Notice how I didn’t mention Accuracy or Correctness in there, that’s because…
Being ‘right’ or ‘wrong’ is a philosophical debate, not a factual one. -Truth Cake
You could say it’s “wrong” to not use safety glasses, but that speeds up work. And you can say it’s “wrong” to be overly cautious and safe because you’ll never get anything done (ie. slower Speed of Work). You could say it’s “wrong” if people don’t follow building code, but someone may be optimizing for Cost of Work because they’re broke and can’t afford the marginal added safety of using a bracket for the massive savings in time and cost.
Getting stuff done fast? “Sloppy craftsmanship and dangerous!”
Making a flawless product? “They’re going way over budget and taking forever!”
Using the best building practices and skills? “No one can freehand a straight line like that!”

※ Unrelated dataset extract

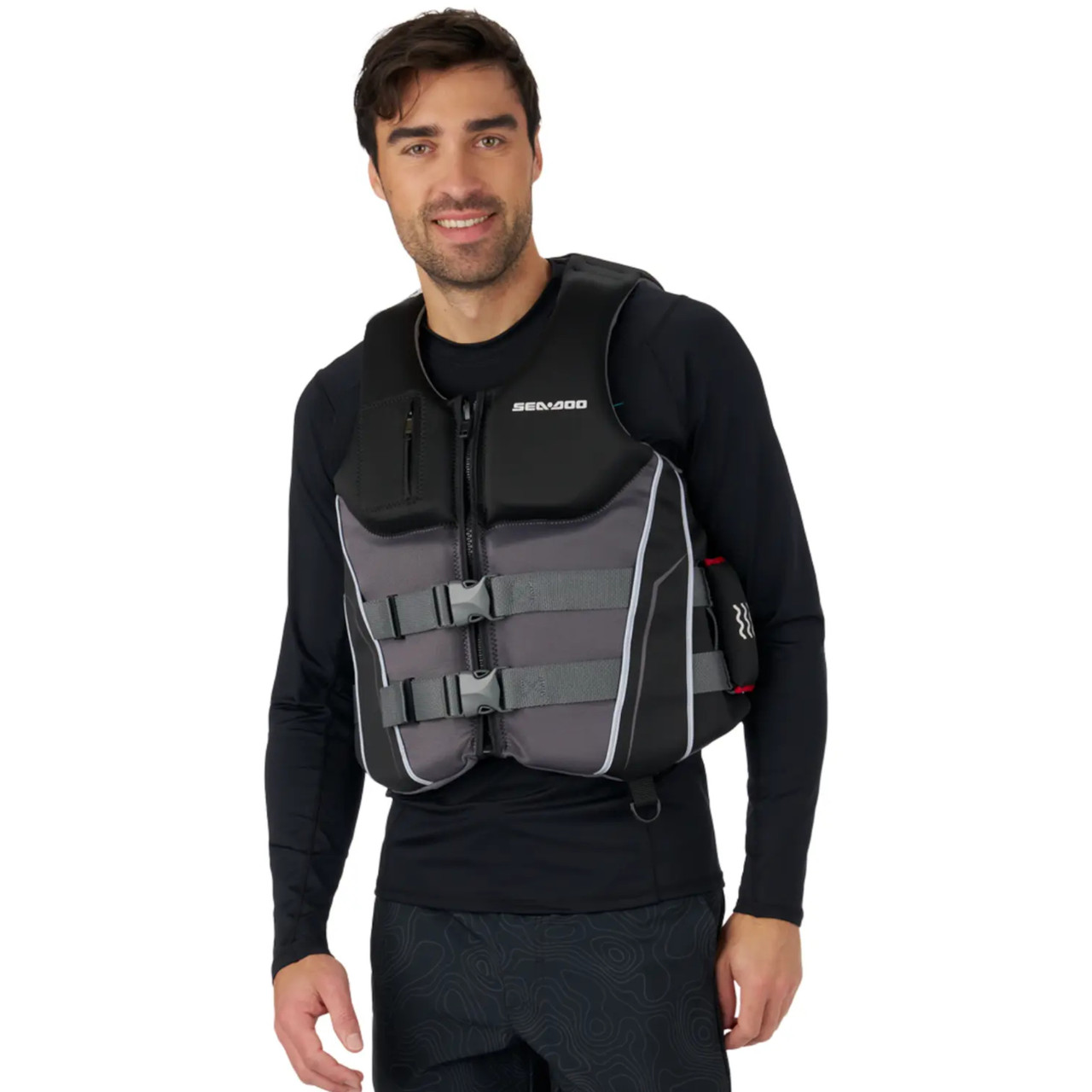 Sea-Doo OEM, Unisex 2XL Wave Grip PFD/Life Jacket, 2870291490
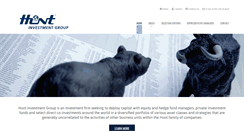Desktop Screenshot of huntinvestmentgroup.com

You can’t win against trolls – and you shouldn’t want to. Trolls just help determine the list of optimization points so you can become crystal clear in regards to what attributes of your task matter most, so you can clearly optimize for certain points. Also note that optimization points are not binary where they only optimize for one thing and then nothing at all for everything else, it could be that someone optimizes for A, B, C primarily, a bit for D, E, and none for F, and G.
What criticism have you heard that you took personally but should have just realized that they were optimizing for different attributes than you were?